Exercise aim: Could you repeat the records below exactly, leaving out any pictures?

======== Records for processing

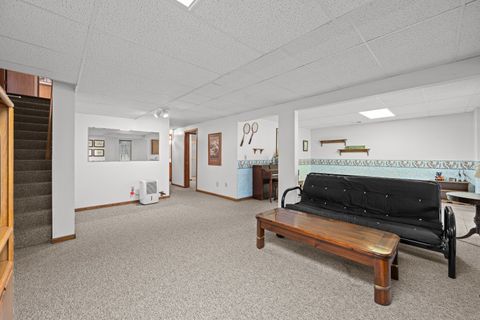 Tiny photo for 2511 136th Ave. Court W, Milan, IL 61264 (MLS # 12622632)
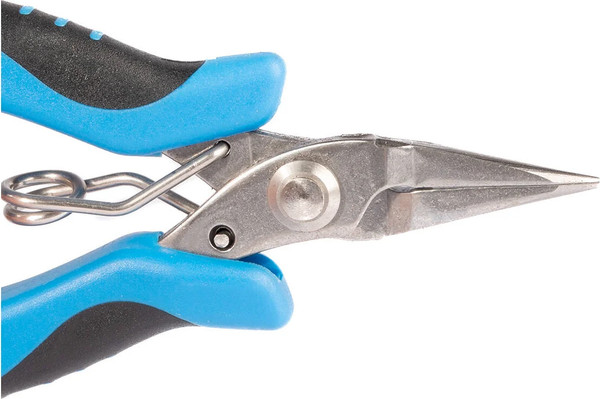 Изображение товара Длинногубцы КВТ 92056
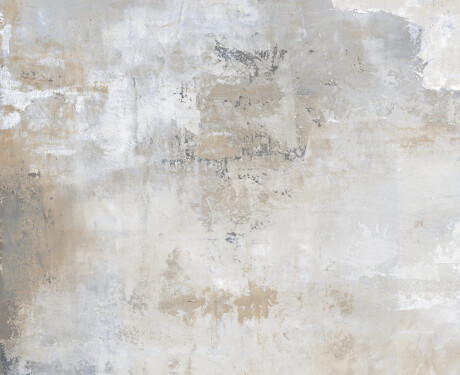 Glazovaná dlažba 120 × 120 cm, šedá matná, rektifikovaná, A4H252 City Grey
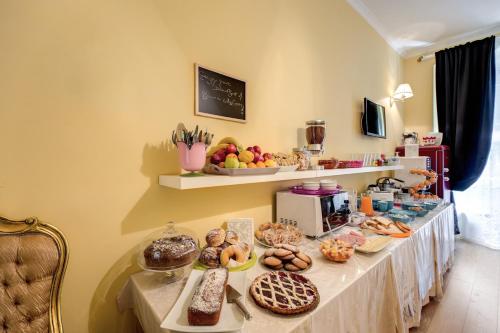 La Reggia dei Principi - image 4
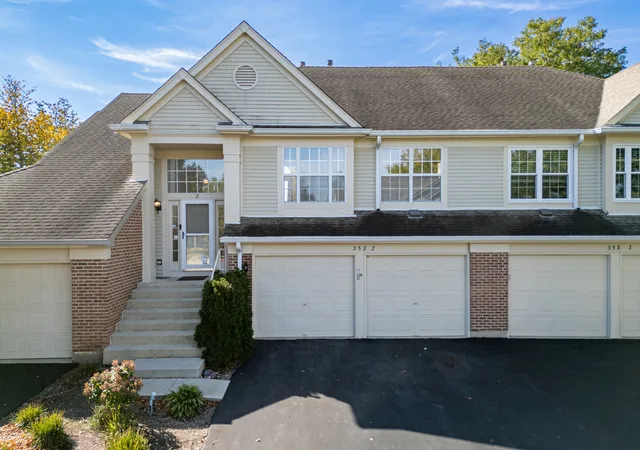 358-ashford-cir-2-bartlett-il-60103/hzid_574e23f8
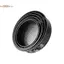 TRTR 6 Inch Springform Bánh Chảo Tròn Springform Nướng Chảo Loable Mousse Dụng Cụ Nướng Bánh Cho Gia Đình Sử Dụng VN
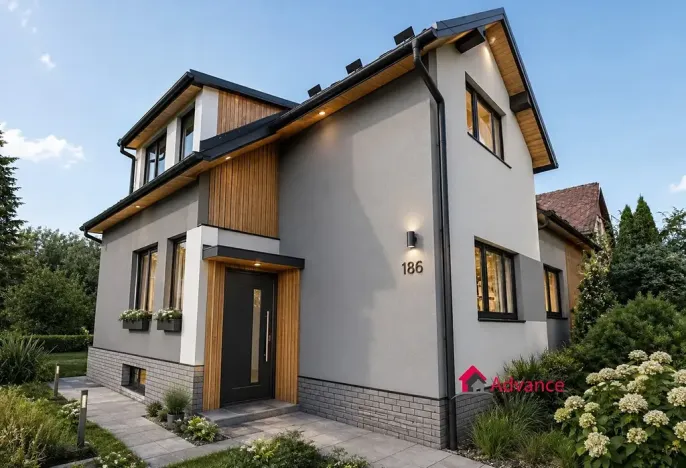 Prodej rodinného domu, Ostrava, Železničářská, 170 m2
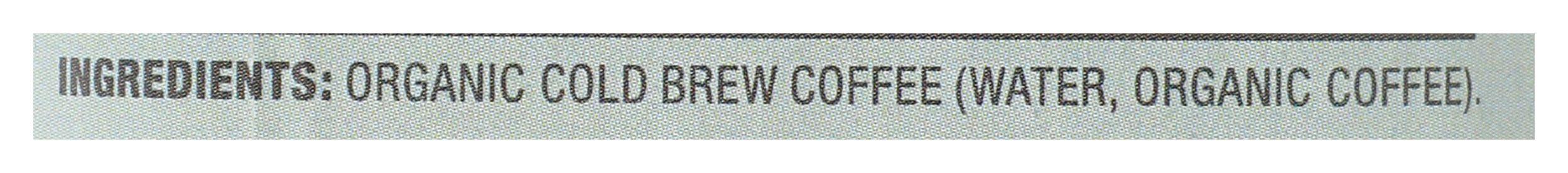 Product gallery 440232696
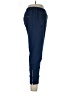 Mikoh Solid Blue Track Pants Size Lg (3) - photo 4
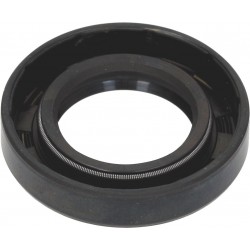 ANELLO TENUTA 30X52X10 AS...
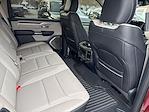 2022 Ram 1500 Crew Cab 4WD Pickup for sale #O5E531775A - photo 26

================

Solution to this exercise:
 Tiny photo for 2511 136th Ave. Court W, Milan, IL 61264 (MLS # 12622632)
 Изображение товара Длинногубцы КВТ 92056
 Glazovaná dlažba 120 × 120 cm, šedá matná, rektifikovaná, A4H252 City Grey
 La Reggia dei Principi - image 4
 358-ashford-cir-2-bartlett-il-60103/hzid_574e23f8
 TRTR 6 Inch Springform Bánh Chảo Tròn Springform Nướng Chảo Loable Mousse Dụng Cụ Nướng Bánh Cho Gia Đình Sử Dụng VN
 Prodej rodinného domu, Ostrava, Železničářská, 170 m2
 Product gallery 440232696
 Mikoh Solid Blue Track Pants Size Lg (3) - photo 4
 ANELLO TENUTA 30X52X10 AS...
 2022 Ram 1500 Crew Cab 4WD Pickup for sale #O5E531775A - photo 26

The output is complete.